Ayons bonne espérance que tout tournera ainsi dans vos affaires, et surtout
pour la plus intéressante, l'examen de votre cher Richard. Voilà les grandes
chaleurs passées, l'étude va lui devenir moins pénible et il va reprendre
confiance; le but qu'il veut atteindre mérite bien un courageux effort, car ce
titre de bachelier pose mieux et lui ouvrirait plusieurs carrières si, dans la
suite, il lui plaisait d'en rechercher quelqu'une. Mais le profit le plus
sérieux, c'est que les études opiniâtres qu'on suit pour arriver à ce grade
ouvrent l'esprit à plusieurs sciences qu'on peut prendre goût à cultiver plus
tard. Je vais redoubler de prières pour que la grâce de Dieu l'assiste
puissamment à bien prendre les choses; quand il ne serait pas reçu dès la
première épreuve, le malheur ne serait pas bien grand; nombre et nombre infini
de sujets distingués subissent cet échec qui ne préjuge aucunement de
l'infériorité de ceux qui échouent; mais il faudrait dans ce cas
être un peu persévérant et ne pas reculer devant quelques instants d'étude de
plus; alors, c'est un heureux insuccès, parce que la science ainsi acquise est
plus solide et demeure bien plus fructueuse pour l'esprit.

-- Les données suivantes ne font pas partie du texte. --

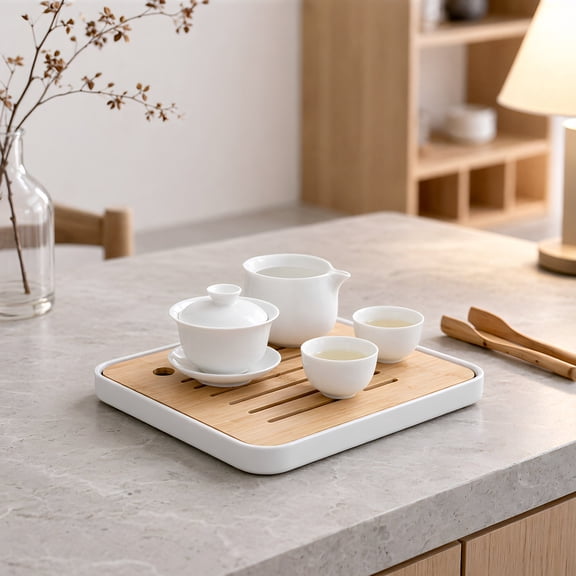 COMPUKAS White Tea Draining Tray with Slotted Surface for Tea Gatherings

C'eût été pour moi une véritable joie de vous rendre visite, Madame, ainsi qu'à
Madame d'Hurbal et à votre cher fils, mais je perds même l'espoir d'aller
quelques jours en Normandie; les grandes chaleurs m'ont causé un épuisement
nerveux qui me rend la marche presque impossible et qui ne me permettrait pas
d'entreprendre un voyage en ce moment; je pense que la température plus ferme
pourra me rendre un peu moins faible; mais alors les mauvais temps seront
revenus et mes travaux auront redoublé; tout me laisse donc croire que je ne
devrai pas m'éloigner de Paris cette année.
Heureusement, l'esprit et le cœur n'ont pas besoin de jambes pour franchir les
distances, j'ose donc dire que l'un et l'autre feront de fréquents voyages vers
vous, Madame, et vers votre chère famille que depuis si longtemps déjà j'ai
appris à aimer et à vénérer.
Veuillez offrir l'expression de ces sentiments à votre cher entourage et agréer
vous-même, Madame, l'hommage du respectueux dévouement de
Votre humble serviteur et ami
Le Prevost Ptre
P. S. Ayez, je vous prie, la bonté de me rappeler au souvenir de votre cher oncle
et de Madame la Comtesse
de Caulaincourt; ce m'est un vrai regret d'avoir, par ma négligence tout
involontaire, perdu l'occasion de voir sa chère fille; j'espère que sa santé
s'est améliorée puisqu'elle a quitté Auteuil.